= Glenorn =

Pastoral lease in Western Australia

Glenorn is a pastoral lease that has operated as both a sheep and cattle station. It is located about 40 km south east of Leonora and 33 km north east of Kookynie in the Goldfields of Western Australia,

The Laverton to Leonora railway passes through the property and had five of its stops being located within the station boundaries.

Initially established by the Horan brothers, who were butchers, in about 1903, the station was running cattle along with a small flock of sheep. The Horans were the first to take up pastoral pursuits in the area, which was mostly a gold mining centre. They noted that the area was rich in mulga and saltbush year round with abundant natural grasses following rain.

The property was carrying a flock of about 2,000 sheep in 1921.

Sold by the Horan brothers before 1924, the station was bought by the Foulkes-Taylor brothers, E. L. Lefroy and L. Manning, who together formed the Mt. Malcolm Pastoral Company. In 1925 the station occupied and area of 250000 acre and was running approximately 10,000 sheep and was fully enclosed in vermin-proof fencing. So impressed with the country, the men also bought another 300000 acre of adjoining country to the north that surrounded the town of Morgans, which was carrying 1,400 head of cattle and was sold to them by David Dicks of the Boulder Meat supply. This property, known as Mernong, gave the company a fairly compact block in excess of half a million acres. One of the company directors, Chas Taylor, was managing the station in 1924.

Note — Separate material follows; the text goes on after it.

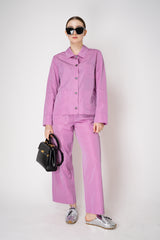 Peter O. Mahler A-line Crash Overshirt with Cuffed Sleeves in Pink Vancouver. Shop Online or in Store.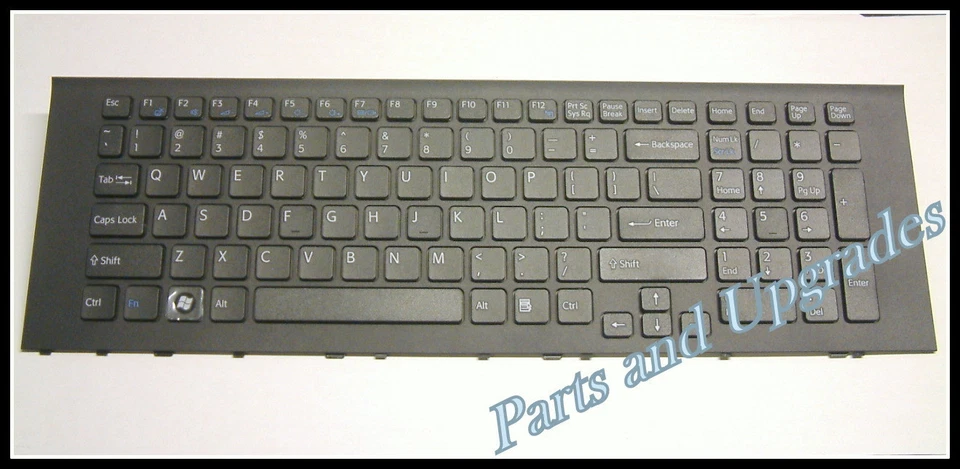 OEM SONY Vaio VPCEJ16FX VPCEJ16FX/B VPCEJ190X US Black Keyboard With Frame NEW - Image 1 of 1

By 1928 the flock size had been increased to 12,000 sheep with Lefroy and Foulkes-Taylor introducing Peppin blood rams from the Tootra and Cranmore park studs into the flock. The sheep were in splendid condition following a good season.
The station manager, Chas Foulkes-Taylor, left in 1928 to take up Yuin Station in the Murchison region.

Selling 91 bales of wool at the Perth wool sales in 1929, Glenorn wool attracted an average price of about 12 1/2 d. per pound. Following up with 222 bales in 1930 the average price was lower across the whole market and Glenorn wool attracted an average price of about 11d. per pound.

A good clip was produced in 1949 when a total of 12,245 sheep including 3,084 lambs were shorn to produce 322 bales; the flock size in 1950 was only 3,572 sheep that were shorn in May to yield 89 bales of wool.

In 1954 10 bales of AAA combings attracted a price of 114d. per pound.

Glenorn is currently owned by Minara Resources, along with three other nearby properties: Nambi, Yundamindera and Minara Stations. In 2012 Glenorn and Nambi were running approximately 1,700 head of cattle. By 2016 all four stations were running a herd of cattle.